On assiste d'ailleurs à un phénomène social intéressant : l'émergence paradoxale d'une génération, celle des nouveaux vieux, comme Monica, la fille de Christopher Strong. Moteur de la rencontre essentielle entre Cynthia et son père, elle va reconduire le modèle réactionnaire de ses parents auquel elle semblait s'opposer en aimant elle aussi un homme marié qui, lui, quittera sa femme. Egoïste et cruelle lorsqu'il s'agit de défendre l'équilibre social qu'elle incarne désormais, Monica finit par tourner le dos à son amie et confidente Cynthia, qui a non seulement protégé ses amours clandestines, mais lui a aussi sauvé la vie.

Quant à Lady Strong, l'épouse, elle est loin d'être un personnage antipathique. Profondément intuitive, elle fait honneur à son nom en restant silencieuse et digne jusqu'au bout. Et pour cause. Elle est celle qui ne demande rien, car elle possède tout : l'argent, la respectabilité, l'amour et la présence constante du mari, ainsi que la stature maternelle.

Le film montre de manière subtile la méfiance, sinon le mépris, d'une société envers la femme nullipare. L'épouse et mère est toujours prioritaire. D'ailleurs Christopher Strong va jusqu'à affirmer, dans un élan aveugle, qu'en cas de grossesse de Cynthia, il l'épouserait – bien sûr.

Pourquoi Cynthia décide-t-elle alors de ne pas lui avouer qu'elle attend un enfant ? Pourquoi renonce-t-elle à garder sous ses draps, de manière permanente, l'objet de son amour ?

Cynthia est une grande héroïne amoureuse, dissidente à jamais, puisque le film montre qu'elle ne pourra pas s'affirmer à la fois socialement et érotiquement. Elle refuse le circuit symbolique de la femme bourgeoise – mariée, comblée, conforme – même au prix de son propre bonheur, de même qu'elle refuse le rôle de l'éternelle maîtresse dans l'ombre.

Dorothy Arzner magnifie les archétypes de la féminité pulsionnelle, créant ainsi une nouvelle héroïne tragique, celle de la femme indépendante, aimante, désirante et révoltée par son époque.

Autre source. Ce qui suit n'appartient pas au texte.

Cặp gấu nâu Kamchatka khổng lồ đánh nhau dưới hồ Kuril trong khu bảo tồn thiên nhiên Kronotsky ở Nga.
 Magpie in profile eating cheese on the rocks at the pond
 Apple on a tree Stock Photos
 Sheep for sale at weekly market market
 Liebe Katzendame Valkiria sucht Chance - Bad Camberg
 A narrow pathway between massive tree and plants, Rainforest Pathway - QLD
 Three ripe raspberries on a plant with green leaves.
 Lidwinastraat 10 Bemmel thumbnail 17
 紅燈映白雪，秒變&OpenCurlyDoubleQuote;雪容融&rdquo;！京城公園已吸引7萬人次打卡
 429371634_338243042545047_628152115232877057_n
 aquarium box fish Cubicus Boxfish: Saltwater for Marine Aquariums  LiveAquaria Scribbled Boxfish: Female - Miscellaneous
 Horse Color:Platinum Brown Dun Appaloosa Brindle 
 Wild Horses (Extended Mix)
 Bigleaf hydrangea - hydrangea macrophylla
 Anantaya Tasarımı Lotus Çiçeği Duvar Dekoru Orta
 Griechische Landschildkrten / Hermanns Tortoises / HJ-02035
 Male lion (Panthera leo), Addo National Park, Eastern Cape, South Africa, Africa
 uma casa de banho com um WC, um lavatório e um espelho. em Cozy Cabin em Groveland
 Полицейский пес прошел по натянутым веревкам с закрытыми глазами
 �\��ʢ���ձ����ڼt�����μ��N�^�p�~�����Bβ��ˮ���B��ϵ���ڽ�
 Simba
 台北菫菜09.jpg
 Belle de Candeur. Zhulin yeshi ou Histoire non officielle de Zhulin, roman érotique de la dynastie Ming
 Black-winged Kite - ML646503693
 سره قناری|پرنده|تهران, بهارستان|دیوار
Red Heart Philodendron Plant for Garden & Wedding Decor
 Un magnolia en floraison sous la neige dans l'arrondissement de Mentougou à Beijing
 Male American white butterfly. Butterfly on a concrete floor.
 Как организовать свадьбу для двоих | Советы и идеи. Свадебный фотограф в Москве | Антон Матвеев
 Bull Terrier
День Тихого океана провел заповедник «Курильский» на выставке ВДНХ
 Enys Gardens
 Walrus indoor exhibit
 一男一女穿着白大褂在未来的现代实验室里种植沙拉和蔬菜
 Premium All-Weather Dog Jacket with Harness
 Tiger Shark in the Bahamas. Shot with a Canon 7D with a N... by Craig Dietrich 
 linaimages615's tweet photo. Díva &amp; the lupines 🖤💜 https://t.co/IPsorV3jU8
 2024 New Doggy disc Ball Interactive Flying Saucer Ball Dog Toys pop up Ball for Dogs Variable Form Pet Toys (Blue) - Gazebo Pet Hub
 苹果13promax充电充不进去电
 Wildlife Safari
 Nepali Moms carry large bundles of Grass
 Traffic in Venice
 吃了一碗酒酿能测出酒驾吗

A travers la fureur de Cynthia, Dorothy Arzner dénonce un ordre qui réclame la résignation, un ordre qui soumet l'homme et la femme à la raison de la société établie.

A la fin du film et de manière ironique, la presse rend hommage à Cynthia le jour même où on annonce le voyage de Lord Strong vers de nouveaux horizons conjugaux avec sa femme vers l'Amérique (ancien paradis des amants clandestins). La forme classique du mélodrame semble absoudre de son rôle oppressif l'institution du mariage de raison, mais en glorifiant la victime, morte dès le moment où elle accepte de renoncer à sa carrière pour rassurer son amant.

Malgré la mort de l'héroïne, la vérité du film semble être dans la force de la passion amoureuse et non pas du côté de la rationalité de ceux qui sacrifient l'amour. La grandeur ultime de Cynthia est de ne pas imposer à l'homme qu'elle aime un choix qu'il n'aurait pas eu le courage d'assumer. Elle devient la sœur de toutes les femmes souveraines jusqu'à notre époque, et le mélodrame, tel que le présente Dorothy Arzner, n'a rien perdu de sa puissance rebelle, négatrice, amoureuse et féminine.


Gabriela Trujillo, écrivain, essayiste et historienne du cinéma, a longtemps travaillé à la Cinémathèque française, a dirigé la Cinémathèque de Grenoble ainsi que son festival de court métrage. Membre du comité de sélection de la Quinzaine des cinéastes, elle se consacre désormais à l'écriture et l'enseignement.